Además de esta razón histórica, genealógica si se quiere, se da el caso que mi mujer ha descubierto en los catálogos de Shamu cientos de cosas que enviaron de modo gratuito, en estos días que los cadetes de empanadas se llevan dos de cada docena. Una de esas encomiendas motiva esta carta.
El tema es que con apenas un puñado de razones declaré una asimetría entre las compras que hacía ella y mi magro ropero desgastado (guionado en parte, verguenza me da confesarlo, por el portero del edificio que llevaba una cuenta malintencionada). Mi esposa, con la grandeza que la caracteriza, me propuso renovar mis pantalones. Sorprendido por el gesto, le declaré que sean los más baratos y sencillos del mundo. Sonrió y me dijo que no me preocupara, que había unos de tercera mano. Resultó que costaban diez dólares las dos docenas, me sentí redimido y pronto llegaron los pantalones con otro millar de prendas en bolsitas (buenísimas las bolsitas).
Justamente hablando de eso es que noté que de los veinticuatro pantalones, ninguno, o sea cero, tiene bolsillo. Claro, mi esposa no escatimó esfuerzos a mis pedidos de austeridad y me recordó con sorna la formulación exacta de mi pedido, a la vez que me convidó a comprar mi propia vestimenta citando mi fecha de nacimiento.
El tema, se lo expliqué y hago lo propio ahora, es de índole ético y metafísico.
Porque tampoco eran pantalones de kimono, o sea no lisos. Era peor: tenían falsos bolsillos. Nada es que carezcan del utilísimo invento a los fines de guardar llaves, monedas y billetes o el número de la farmacia. Lo que me parece más indignante es que no puedo meter las manos en los bolsillos (porque no existen) pero no puedo dejar de intentarlo y mi familia está atenta a la burla.
Como bien decía Jean Baudrillard, el mundo moderno perfeccionó el arte del simulacro: parecer sin ser, ofrecer sin dar, prometer sin fondo. Y en mi caso, siendo alguien moldeado en la metafísica clásica de los sastres, en mi concepto de pantalón está el de bolsillo. Desde luego que no es un error de confección. El falso bolsillo no oculta su mentira: la exhibe. Es el simulacro perfecto. El bolsillo verdadero implicaba profundidad, papeles arrugados, polvo, restos de vida, un vuelto olvidado o un teléfono escrito en una servilleta.

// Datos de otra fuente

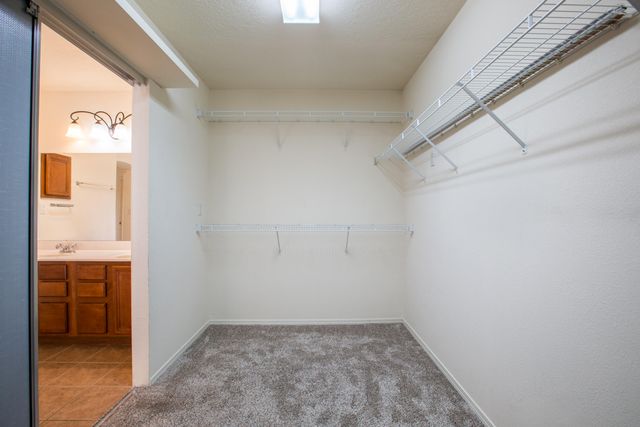 6520 Avenida Seville NW, Albuquerque, NM 87114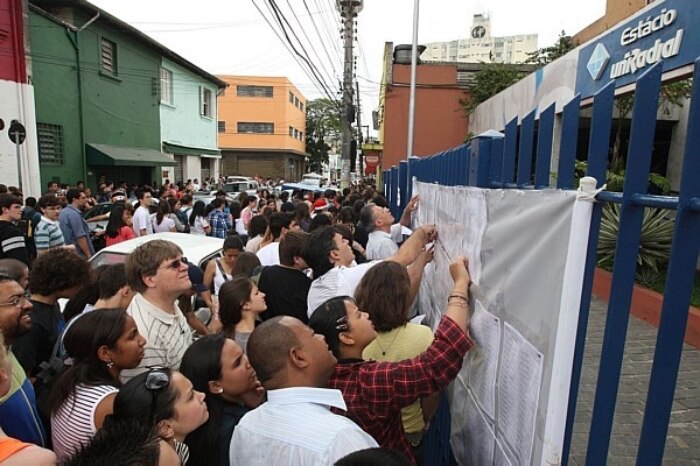 Candidatos em frente à universidade de São Paulo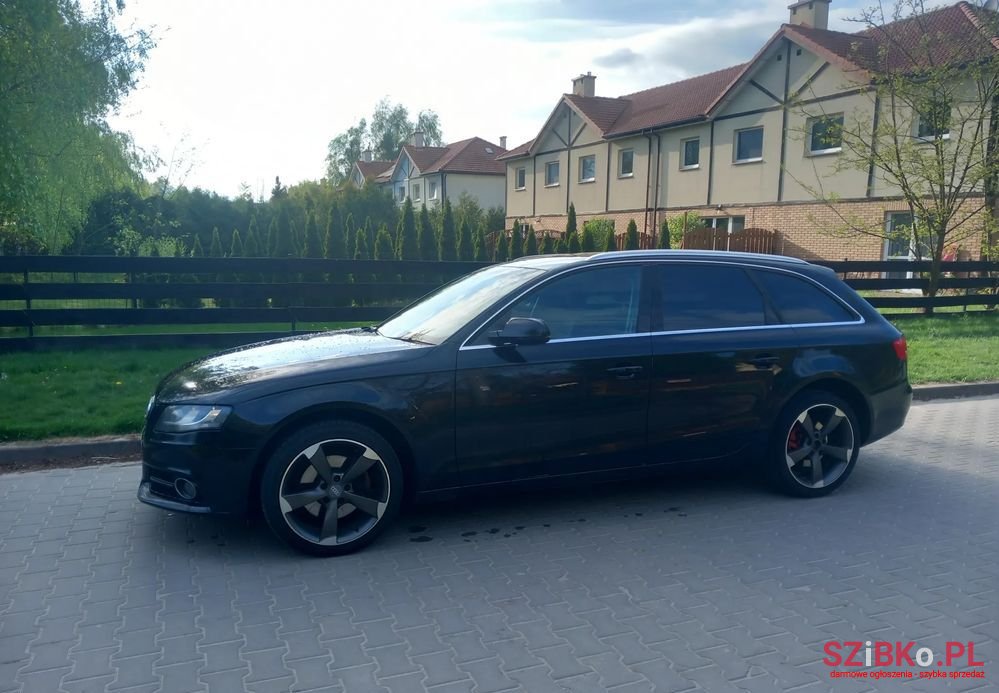 2010' Audi A4 2.0 Tdi Dpf photo #4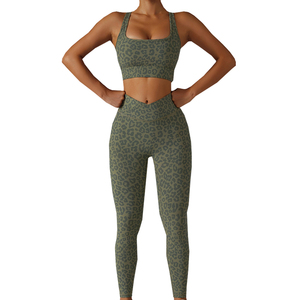 Conjunto de Yoga para Mujer, Estilo Único y Cómodo, Conjunto de Yoga para Mujer Más Vendido, Conjunto de Yoga Ligero para Mujer - Product Image 1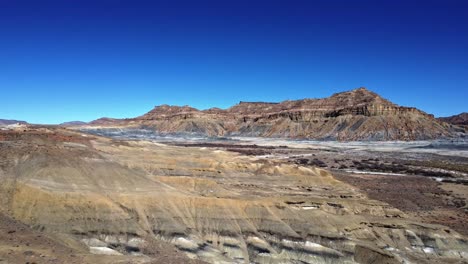 Unberührtes-Bergiges-Gelände-Unter-Wolkenlosem-Blauen-Himmel-In-Arizona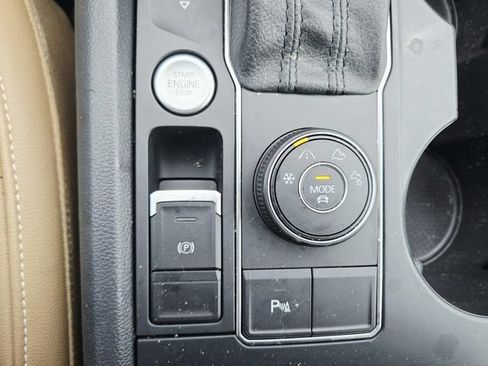 Used 2020 Volkswagen Atlas Cross Sport SE w/ Towing Package AWD/4WD image 28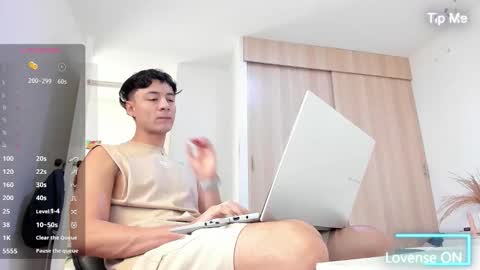 Snapshot of sebastian_dash chatting on October 2025 01:25:01 PM SEBAS online show from October 2025 01:25:01 PM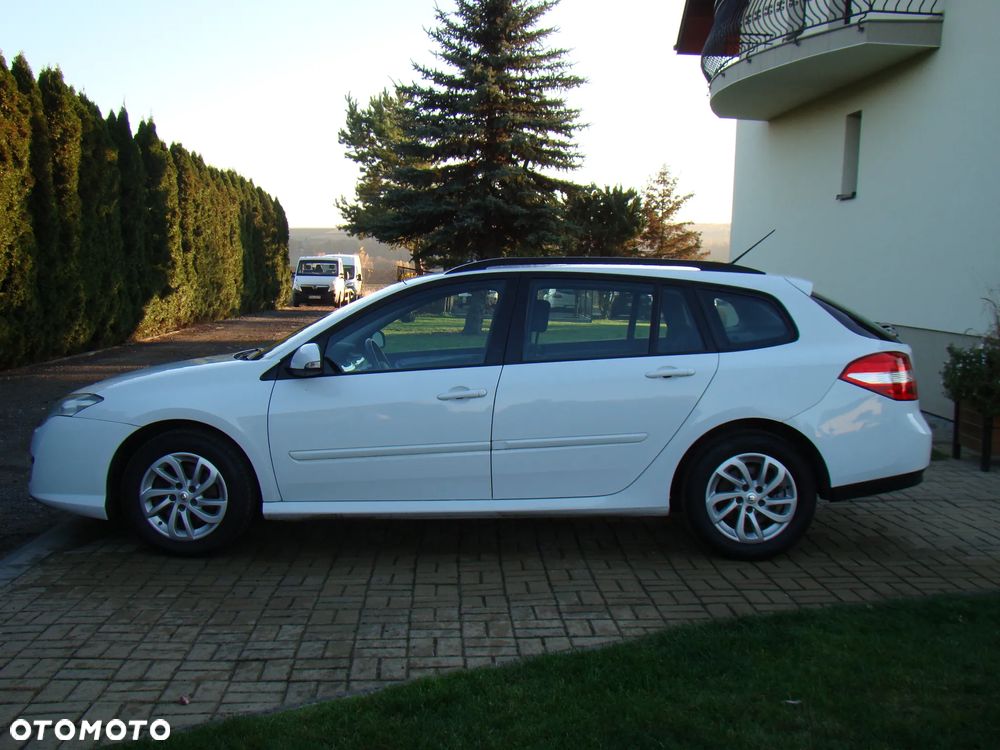 Renault Laguna 2.0 16V 140 Emotion - 12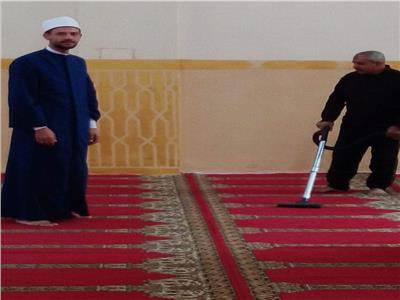 استمرار حملة النظافة الموسعة بمساجد الجمهورية استعدادًا لشهر رمضان المبارك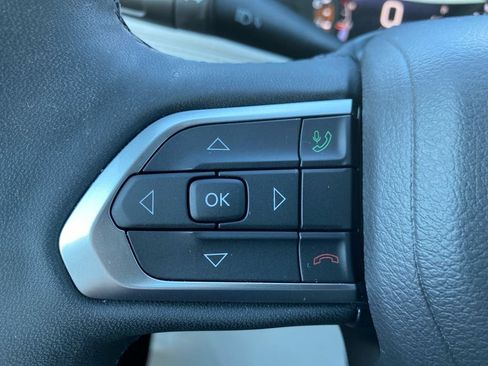 Certified 2025 Jeep Compass Limited AWD/4WD image 35
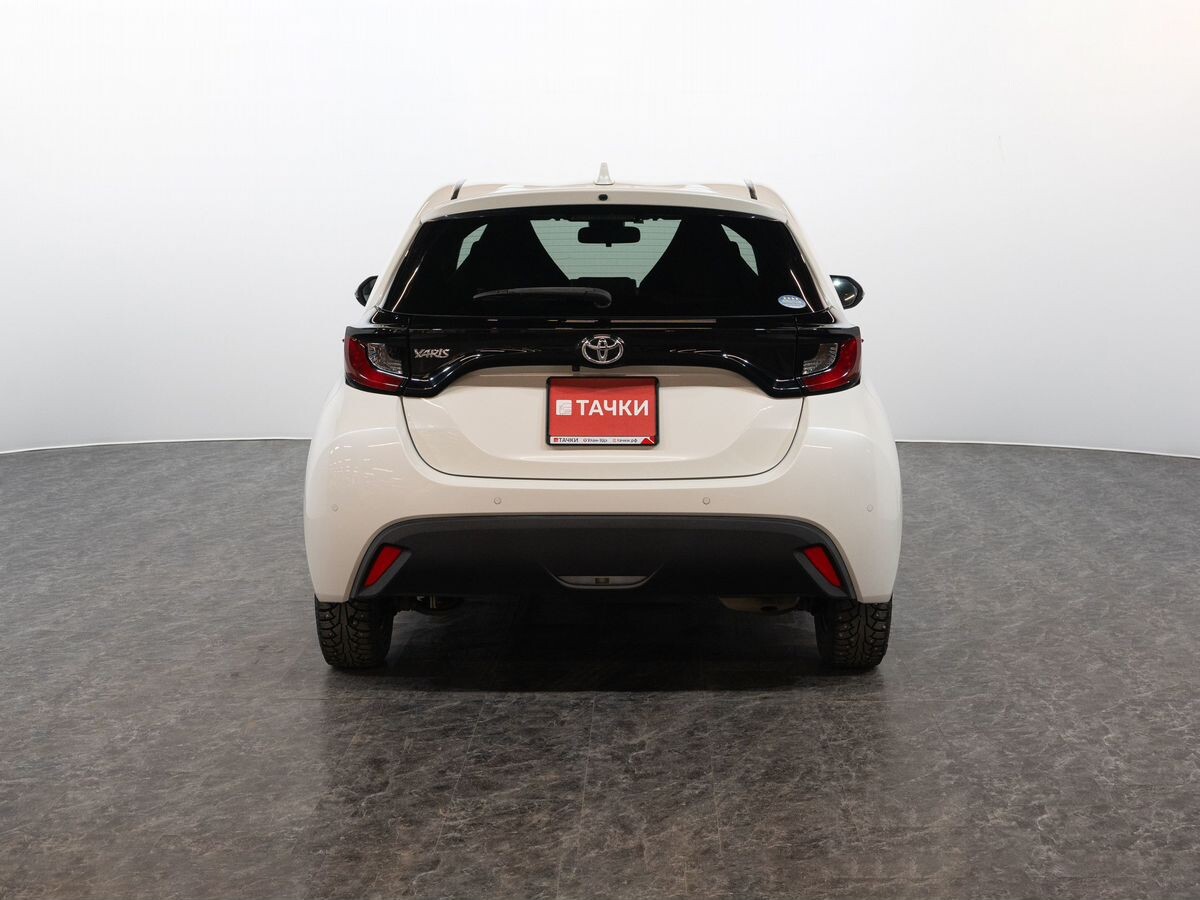 Toyota Yaris 2020 - фото автомобиля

En fin, quisiera pedirles que en el futuro consideren como una generosa travesura “equivocarse” y poner un par de bolsillos reales (ahora son un tipo de bolsillo: los “reales”, “los que existen” de este lado y “los que no existen” de este otro lado), en cada docena de pantalones ofertón raspa. Piensen en la alegría de una buena persona que mete la manos por haberse olvidado de que eran una fachada pero que, sin embargo se revele que eran, por así decirlo, una falsa mentira. De esa manera sabrá que, en algunas cosas, todavía existe la profundidad.